A discrepância denunciada pela Public Eye faz pairar um grande ponto de interrogação sobre as práticas comunicacionais. Ao longo dos anos, o Marketing da Nestlé envernizou a dupla de produtos como marcas fabricadas para ajudar as crianças a levar uma vida mais saudável, contribuindo tanto para o fortalecimento do sistema imunológico dos pequenos, quanto para o desenvolvimento cognitivo.

Esta narrativa, contudo, cai por terra quando confrontada pela insalubridade do açúcar adicionado às fórmulas: há um ano, um estudo publicado na revista The BMJ, conduzido por pesquisadores chineses e estadunidenses, apontou que o consumo de açúcar adicionado está associado a pelo menos 45 problemas de saúde, como diabetes, obesidade, pressão alta, câncer e morte precoce.

Apoiado por estratégias de Marketing e embalagens que pregam a saudabilidade por evidenciar as vitaminas e os minerais na fórmula do produto, o Cerelac é, atualmente, a principal marca de cereais infantis em todo o mundo, tendo registrado vendas superiores a um bilhão de dólares em 2022, conforme apontam dados divulgados pelo Euromonitor.

Em seu site, a própria Nestlé reconhece os riscos do açúcar e recomenda que os pais evitem oferecer o ingrediente aos filhos durante a infância, já que o sabor doce pode influenciar a preferência da criança por esse tipo de alimento no futuro.

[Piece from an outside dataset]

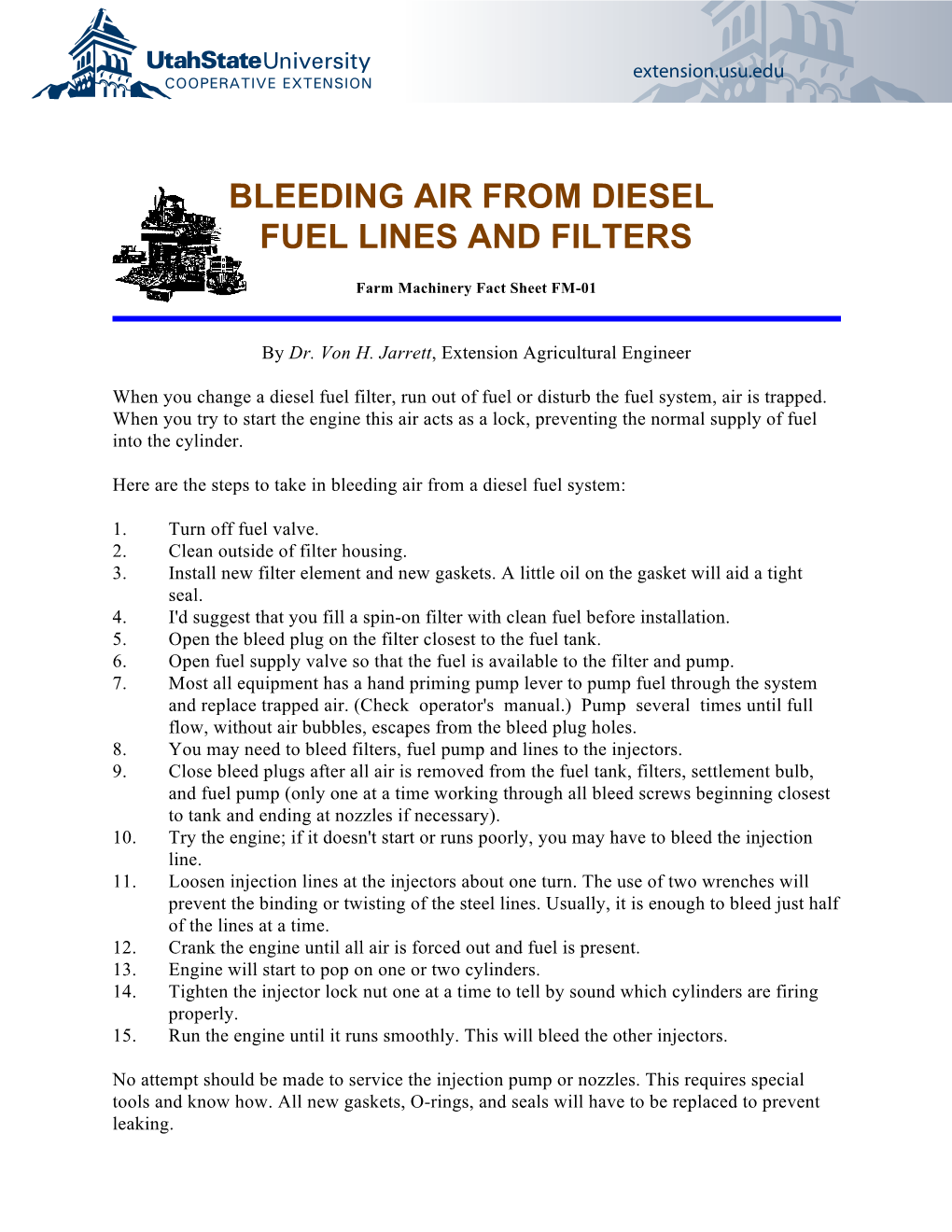 Bleeding Air from Diesel Fuel Lines and Filters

Questionada pela ONG, a empresa se limitou a elencar feitos como a redução da quantidade total de açúcares adicionados em seu portfólio global de cereais infantis em 11%” na última década, e destacou que continuará a fazê-lo, sem comprometer a qualidade, a segurança e o sabor dos produtos.

 

Procurada pela equipe do Mundo do Marketing para comentar o relatório, a Nestlé informou: “Acreditamos na qualidade nutricional dos nossos produtos para a primeira infância e priorizamos a utilização de ingredientes de alta qualidade e adaptados ao crescimento e desenvolvimento das crianças. Aplicamos os mesmos princípios de nutrição, saúde e bem-estar em todos os lugares onde operamos. As categorias de alimentos infantis são altamente regulamentadas. Nosso portfólio segue tais regulamentações locais (ANVISA) e/ou padrões internacionais (OMS), incluindo requisitos de rotulagem e limites de carboidratos – que incluem açúcares. Além disso, declaramos os açúcares totais e adicionados dos nossos produtos.

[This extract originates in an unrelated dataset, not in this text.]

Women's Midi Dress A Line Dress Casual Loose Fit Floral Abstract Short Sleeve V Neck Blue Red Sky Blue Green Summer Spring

Durante a última década, reduzimos em 11% a quantidade total de açúcares adicionados no nosso portfólio de cereais infantis em todo o mundo. Também continuaremos inovando e reformulando nossos produtos para reduzir ainda mais o nível de açúcares adicionados sem comprometer a qualidade, a segurança e o sabor. No Brasil, Mucilon possui em seu portfólio itens sem e com açúcares adicionados, de acordo com os limites estabelecidos como seguros pela ANVISA. Já Ninho não contém açúcares adicionados como sacarose e xarope de glicose.

Variações nas receitas entre países dependem de vários fatores, incluindo regulamentos e disponibilidade de ingredientes, por exemplo, e não comprometem a qualidade e a segurança dos nossos produtos.
Apoiamos a recomendação da Organização Mundial de Saúde (OMS) de amamentação exclusiva durante os primeiros seis meses de vida, seguida pela introdução de alimentos complementares adequados, juntamente com a amamentação sustentada até aos dois anos de idade ou mais”, finalizou o comunicado.